■ **SOURCE DATA**:
******

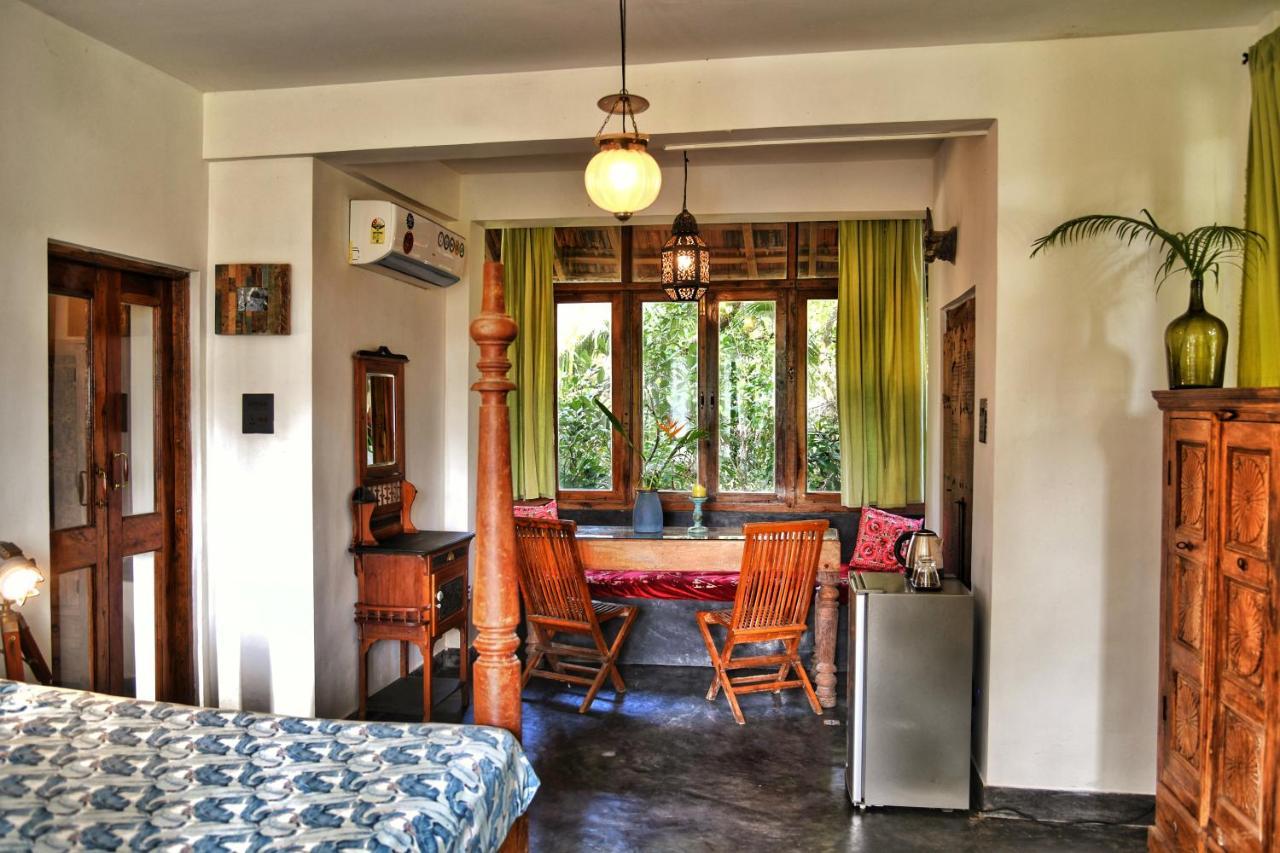 Bed and Breakfast Jardin D'Ulysse & Hard Rock Morjim Exterior foto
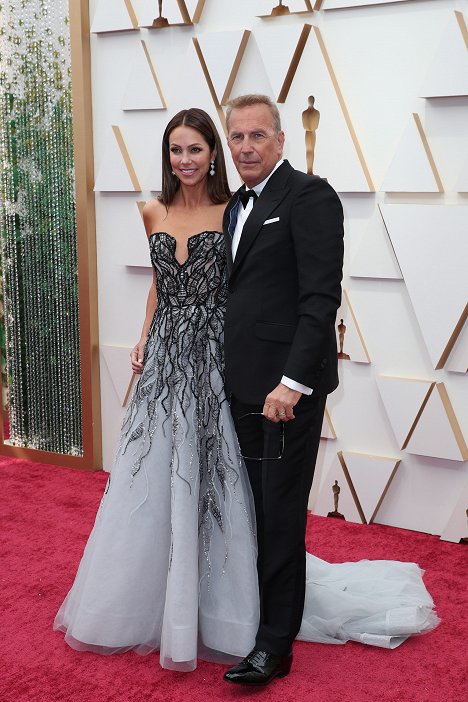 Red Carpet - Kevin Costner - 94th Annual Academy Awards - Events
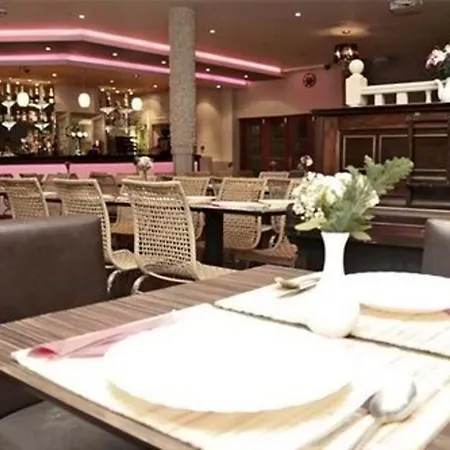 Rising Sun 3* Harrow
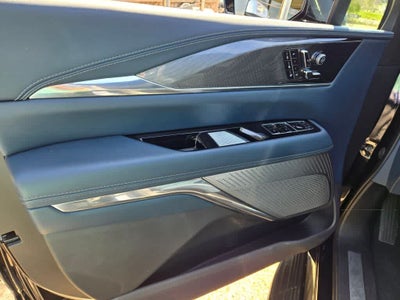 2025 Cadillac ESCALADE IQ Luxury 2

******

■ **AIM OF THE EXERCISE**: Reproduce the material in its entirety and word for word, without the pictures.

■ **YOUR SOLUTION**:
 Bed and Breakfast Jardin D'Ulysse & Hard Rock Morjim Exterior foto
 Red Carpet - Kevin Costner - 94th Annual Academy Awards - Events
 Rising Sun 3* Harrow
 2025 Cadillac ESCALADE IQ Luxury 2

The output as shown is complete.